The genotype distributions of the seven SNPs evaluated in this study were in Hardy-Weinberg equilibrium among controls. The minor allele frequencies of these seven SNPs among controls in this study were similar to those from HapMap CEU data. We evaluated the main effect of each polymorphism across three types of skin cancer (Table 2) and observed no significant associations between these seven SNPs and skin cancer risk. The multivariate analyses controlling for age and skin cancer risk factors showed results similar to the age-adjusted analyses (Additional file 1). Furthermore, we performed a global test to evaluate the difference in FGFR2 and FGFR4 haplotype frequencies between cases and controls (Table 3) and found no significant associations with skin cancer risk, which was consistent with the results of the single SNP analyses presented in Table 2.

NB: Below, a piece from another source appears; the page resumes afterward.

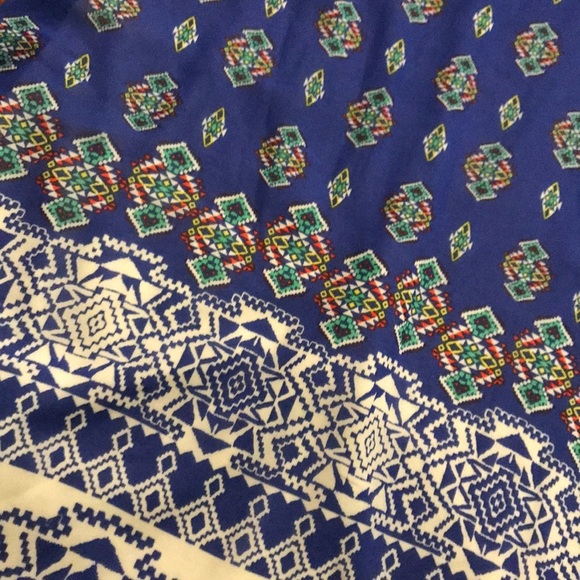 6/$20 GIRL’S size 10 cold shoulder dress - Picture 4 of 4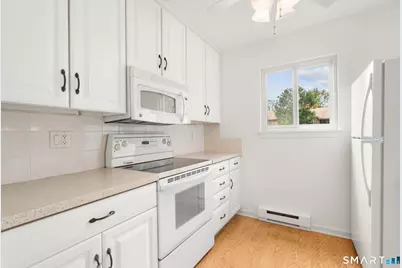 6 Riverview Drive #6, Bridgeport, CT 06606 - Photo 12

The potential contribution of the FGF/FGFR family to the development of skin cancer has been suggested. For example, the basic FGF (bFGF) alternatively named FGF2 binds to distinct splice variants of the four FGFRs and acts as a potent activator in the proliferation and differentiation of melanocytes [45]. It has been noted that the combination of bFGF with ultraviolet (UV) light, the main risk factor for skin cancer, may lead to cutaneous melanoma induction [46]. In this study, we assessed the associations between the genetic variants in the FGFR2 and FGFR4 genes and the three types of skin cancer simultaneously with a modest sample size in each cancer type. Only one study has attempted to assess the relation of the FGFR4 Gly388Arg with the progression of melanoma in melanoma patients, and observed that the FGFR4 Arg388 allele was associated with tumor thickness and nodular malignant melanoma [26]. We did not observe a significant association of this allele with skin cancer risk. It seems that this SNP acts as a potential marker for the progression of skin cancer rather than susceptibility to skin cancer. Spinola et al. reported similar results for lung adenocarcinoma, i.e., that this allele revealed association with progression of cancer but a lack of association with the risk of cancer [33]. FGFR2 possesses the largest genomic structure among the FGFR family, with at least 22 exons and 21 introns and has been implicated in distinct types of cancer [47]. Also, recent in vitro and in vivo studies showed that loss-of-function FGFR2 mutations occur in a subset of melanomas [48]. It would be important to comprehensively examine the association of the common genetic variants in the entire FGFR2 gene region with skin cancer risk.
Conclusion
In conclusion, we did not detect any contribution of genetic variants in the FGFR2 or FGFR4 genes to inherited predisposition to skin cancer among Caucasian women.
Abbreviations
- FGFR :
-
Fibroblast Growth Factor Receptor
- BCC :
-
Basal Cell Carcinoma
- SCC :
-
Squamous Cell Carcinoma
- OR :
-
Odds Ratio
- CI :
-
Confidence Interval
- UV :
-
Ultraviolet.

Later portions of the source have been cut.